The private funeral for Jean-Marie Le Pen has taken place amid heightened security after his death aged 96, exposed polarising attitudes toward a figure who for decades shook and shocked the country.
The funeral in his hometown of La Trinite-sur-Mer in the western Brittany region began in the presence of his daughter Marine Le Pen, who took over her polarising father’s political mantle, other family members and close friends.
Authorities beefed up security ahead of the ceremony, with barriers erected around the cemetery and dozens of police mobilised.
Security was tightened and protests banned after hundreds took to the streets in Paris and other cities to pop champagne corks and celebrate Le Pen’s death on Tuesday.
Marine Le Pen and one of her two sisters, Marie-Caroline, walked the few hundred metres between the family home and the small church of Saint-Joseph under blue skies in front of a small crowd of onlookers and several dozen journalists.

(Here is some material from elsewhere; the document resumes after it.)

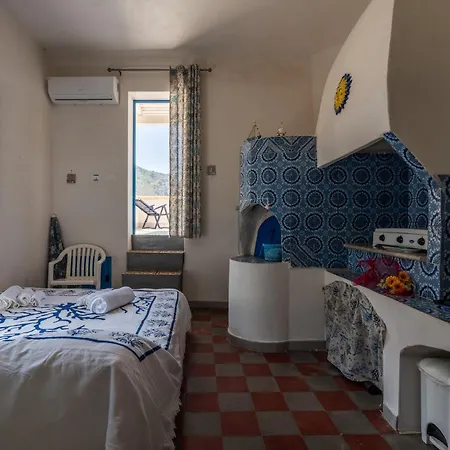 The Twins Rooms In Marettimo 1-3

Neither Marion Marechal, Jean-Marie Le Pen’s granddaughter and a prominent far-right politician, nor Jordan Bardella, the leader of the party Le Pen co-founded, now called the National Rally, were seen entering the church through the main entrance.
Around 200 people were expected to be seated inside the church. After the ceremony Le Pen will be buried in the vault where his parents rest.
“It’s moving for me to pay my last respects to him here and to pray for the salvation of his soul,” said one of the guests, Bruno Gollnisch, Jean-Marie Le Pen’s one-time right-hand man.
“He was a joyful comrade!”
A defining figure of French far-Right politics, he will be buried in the same vault as his late parents. A public ceremony is scheduled for Jan 16 in Paris.
For years, the National Front party that Mr Le Pen founded in 1972 sought to distance itself from him, given his often inflammatory remarks that were openly racist and anti-Semitic.
These comments were so extreme that he was convicted multiple times, including for statements that downplayed the Holocaust. On several occasions, he described Hitler’s gas chambers as a “detail” of history.
Mr Le Pen was such a firebrand that when his daughter, Marine Le Pen took over the party in 2011 and renamed it the National Rally, expelled him as part of her efforts to gain more mainstream support. At the time, he demanded she stop using the name “Le Pen,” even launching legal proceedings, though they ultimately failed.
While their personal relationship continued to be fraught, Ms Le Pen paid a personal tribute to her father after his death, calling him a “warrior” in a post on X. “Many people he loved are waiting for him up there. Many who love him mourn him here below,” she wrote. “Fair winds and following seas, Papa!”
Even in death, Mr Le Pen remains a divisive figure.
Those who opposed his views took to the streets of Paris and other cities to mark his passing, popping champagne in celebration and chanting: “Happy New Year, Jean-Marie is dead.”
The French government, however, denounced the joyous celebrations.
“Nothing, absolutely nothing justifies dancing on a corpse,” said Bruno Retailleau, France’s interior minister.
“The death of a man, even if he is a political opponent, should inspire only restraint and dignity. These scenes of jubilation are deeply disgraceful.”
French prime minister François Bayrou described Mr Le Pen as a “fighter” and “figure of French political life”.
President Emmanuel Macron, however, did not make a personal comment. Instead, his office issued a statement saying that history would judge Mr Le Pen, and that the president had sent condolences to the family.